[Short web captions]
=== Begin Enclosure ===
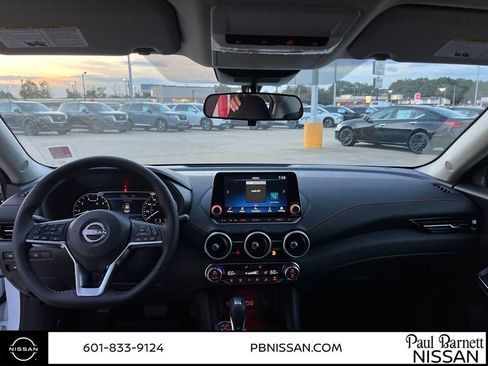 New 2025 Nissan Sentra SR image 13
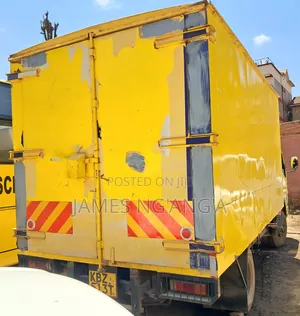 Mitsubishi Canter 4d34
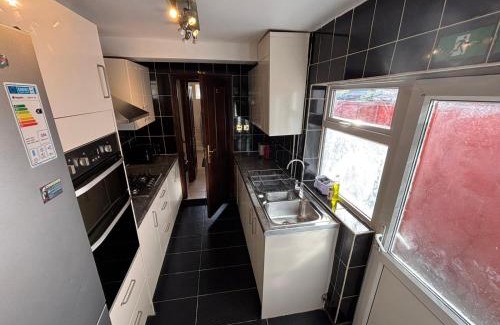 Watford Casa | Harry Potter Themed Shared Accommodation - Self Check-In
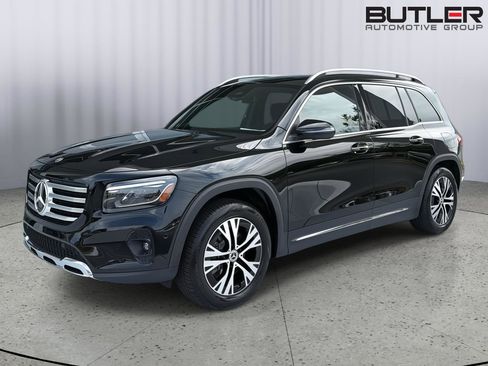 Used 2024 Mercedes-Benz GLB 250 4MATIC image 1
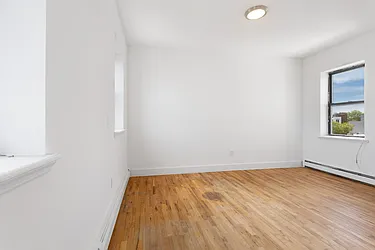 Rented by Safdie Realty Group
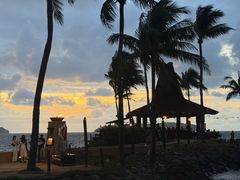 -Sunset Bar(丹绒亚路香格里拉店)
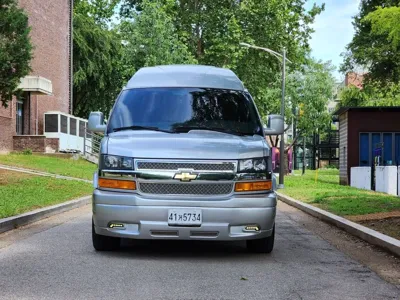 Chevrolet Express Van 2017, 51717 км, за 25990000 KRW - фото 3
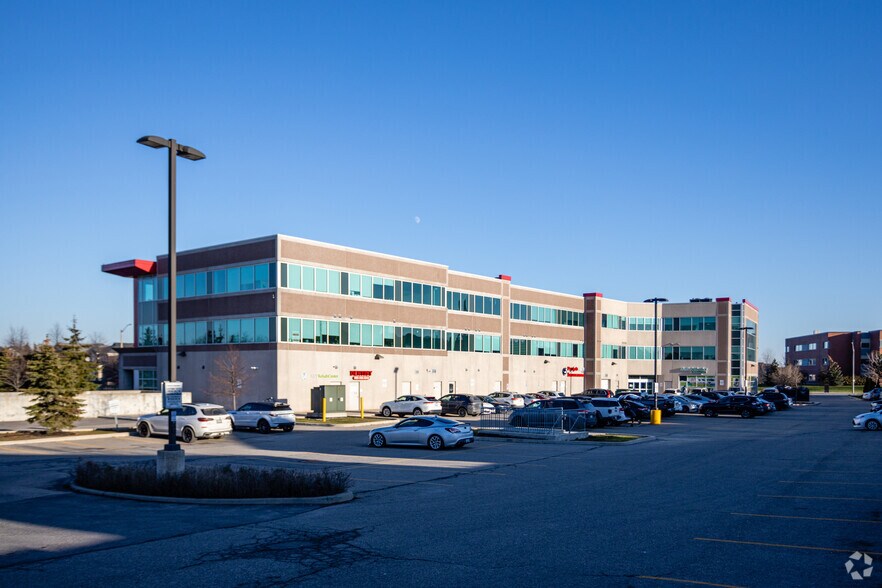50 Sunny Meadow Blvd, Brampton, ON à vendre - Photo du bâtiment - Image 2 de 3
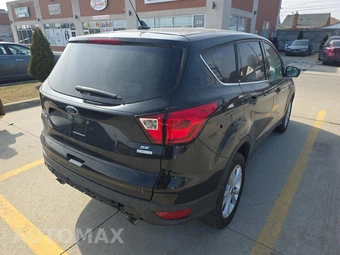 2019 Ford Escape SE - miniatura 4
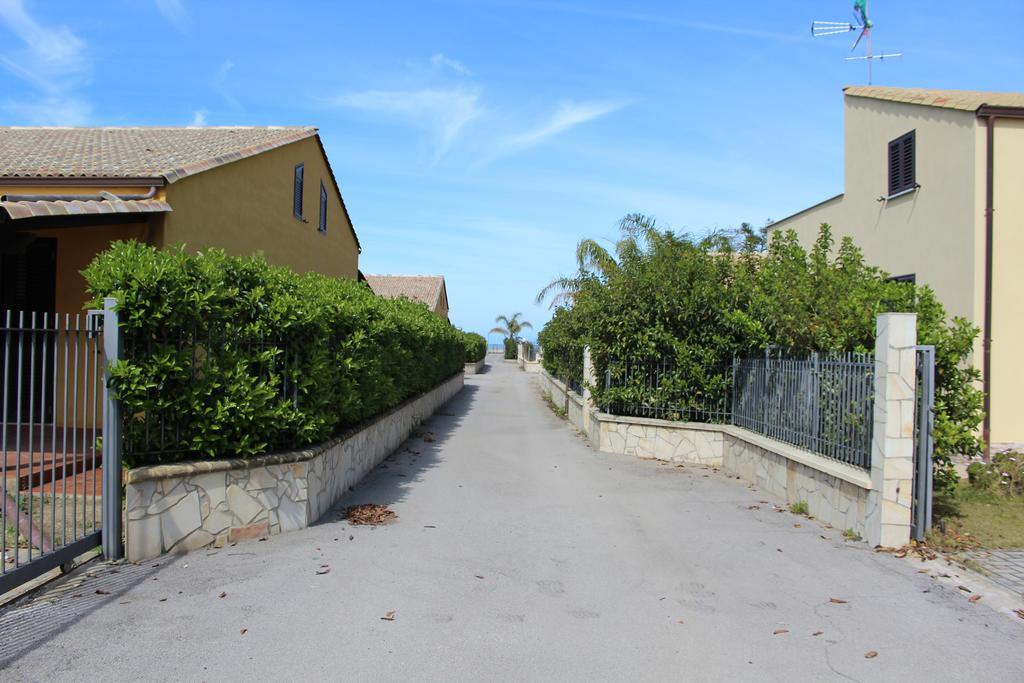 Casa Vacanze Roccella Beach Кампофеліче-ді-Роччелла Екстер'єр фото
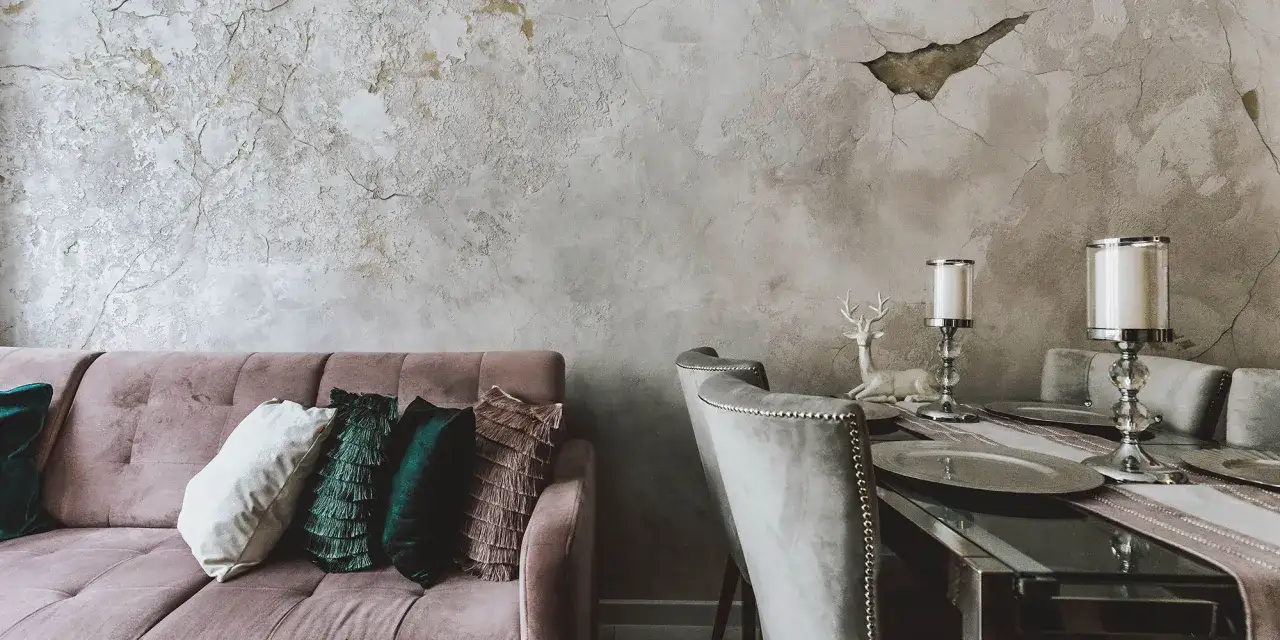 Fachowiec nakładający tynk dekoracyjny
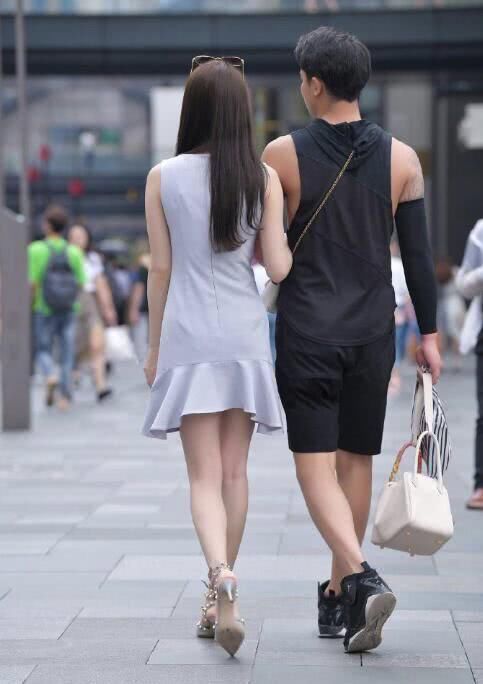  女性|穿上鱼尾连衣短裙，让女性变得简约优雅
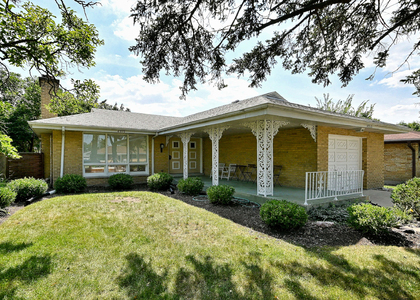 4915 Jerome Avenue - Photo 1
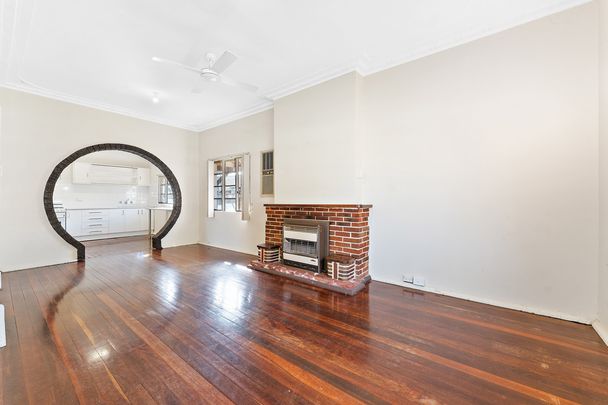 Large family home in great location: 2 Bedrooms plus Sunroom, Games Room & Huge Backyard! - Photo 1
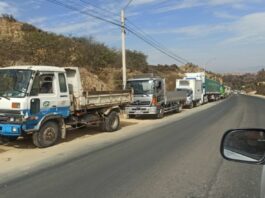 Crisis por combustible congrega al transporte nacional en Tarija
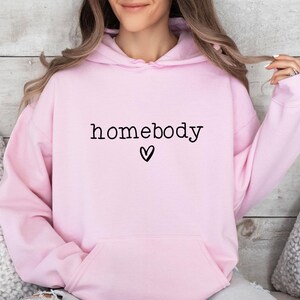 Homebody Hoodie, introvertierter Hoodie, lustiger Angst Hoodie, introvertiertes Geschenk, Homebody Geschenk, unsozialer Hoodie, Hauptliebhaber Hoodie Bild 3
=== End Enclosure ===
TASK DETAILS »
Pictures are to be left out; the lines from the start of the records above through the line holding "Crisis por combustible" are to be returned exactly.

SOLUTION BELOW »
 New 2025 Nissan Sentra SR image 13
 Mitsubishi Canter 4d34
 Watford Casa | Harry Potter Themed Shared Accommodation - Self Check-In
 Used 2024 Mercedes-Benz GLB 250 4MATIC image 1
 Rented by Safdie Realty Group
 -Sunset Bar(丹绒亚路香格里拉店)
 Chevrolet Express Van 2017, 51717 км, за 25990000 KRW - фото 3
50 Sunny Meadow Blvd, Brampton, ON à vendre - Photo du bâtiment - Image 2 de 3
 2019 Ford Escape SE - miniatura 4
 Casa Vacanze Roccella Beach Кампофеліче-ді-Роччелла Екстер'єр фото
 Fachowiec nakładający tynk dekoracyjny
  女性|穿上鱼尾连衣短裙，让女性变得简约优雅
 4915 Jerome Avenue - Photo 1
 Large family home in great location: 2 Bedrooms plus Sunroom, Games Room & Huge Backyard! - Photo 1
 Crisis por combustible congrega al transporte nacional en Tarija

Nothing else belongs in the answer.